(Data block)

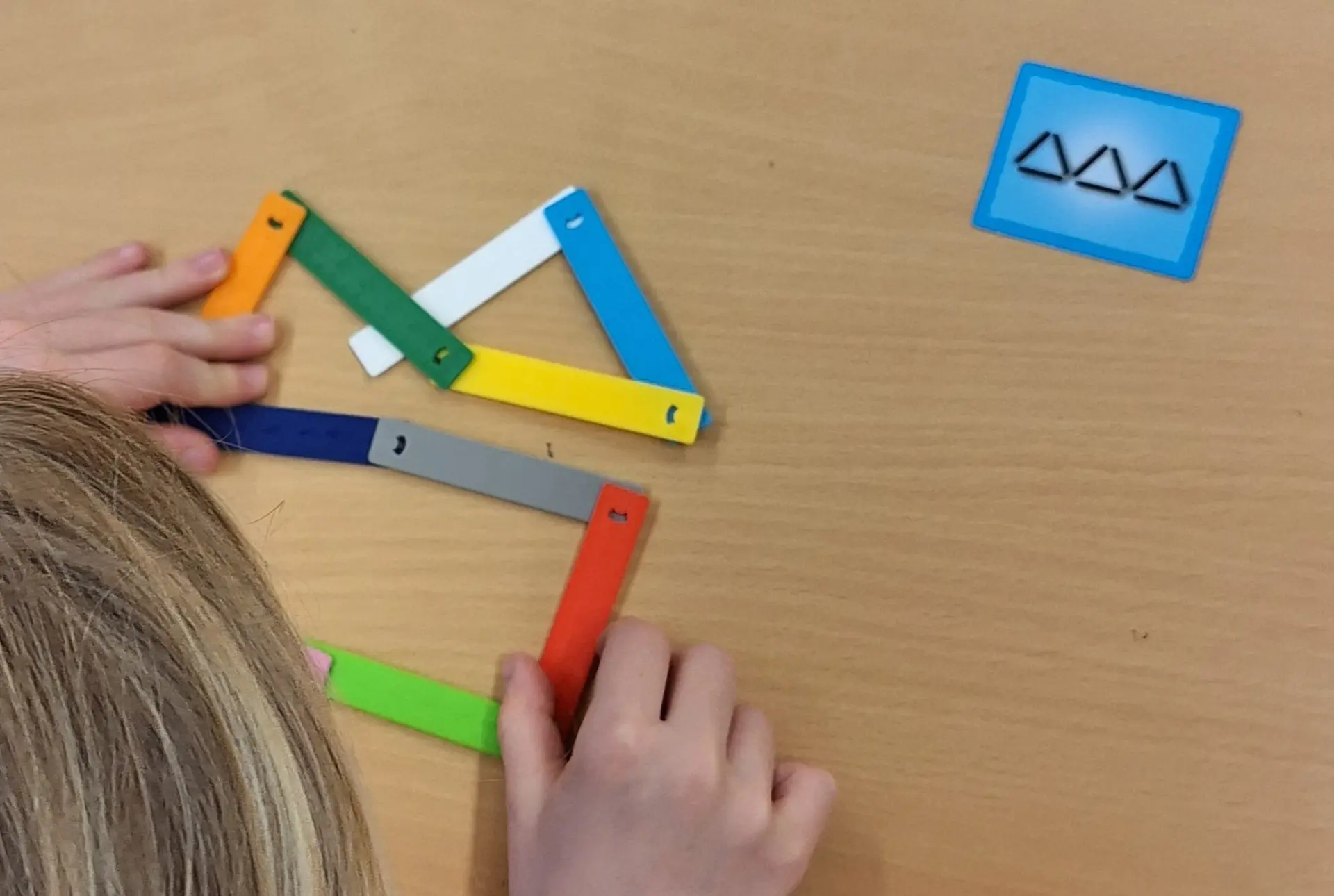 Kind macht im Gemeinsamen Lernen visuelle Wahrnehmungsförderung mit Figurenformer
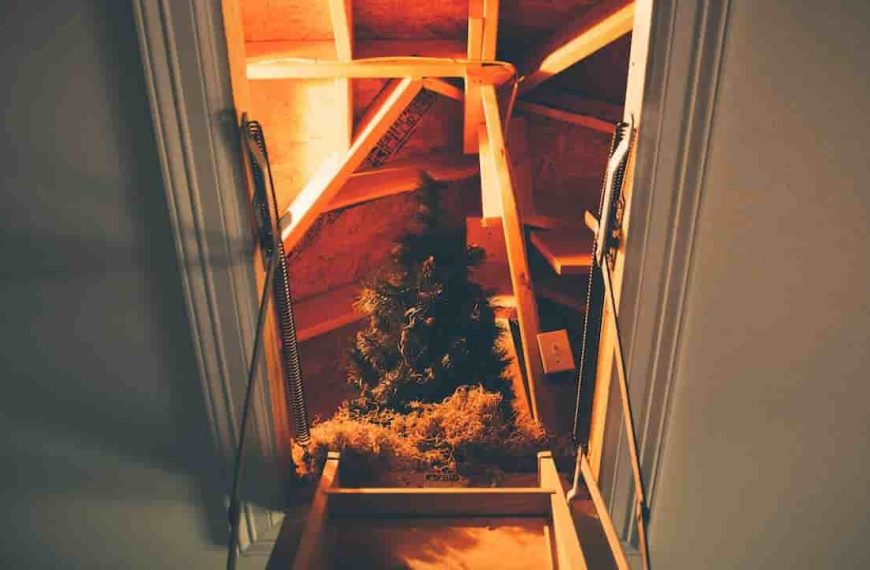 Dimly lit attic with exposed wooden beams, a folded ladder leading up, artificial Christmas tree and decorations stored inside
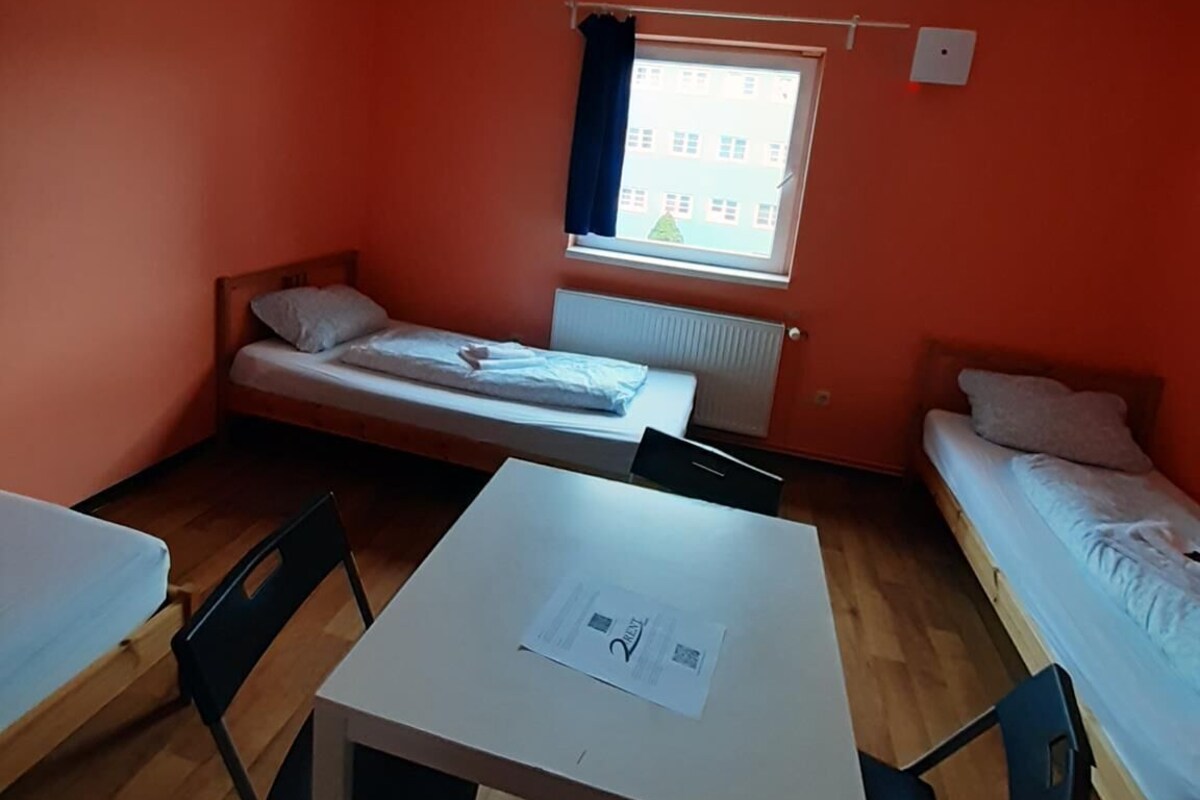 Ein Schlafsaalzimmer mit zwei Einzelbetten, einem kleinen Tisch mit Stühlen und einem Fenster mit Vorhängen.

(End Data block)

§ **Task objective**
Reproduce precisely the lines of the listing above, from the line containing "Dimly lit attic" to the last line, both ends included. Pictures are to be omitted.

§ **Task response**
 Dimly lit attic with exposed wooden beams, a folded ladder leading up, artificial Christmas tree and decorations stored inside
 Ein Schlafsaalzimmer mit zwei Einzelbetten, einem kleinen Tisch mit Stühlen und einem Fenster mit Vorhängen.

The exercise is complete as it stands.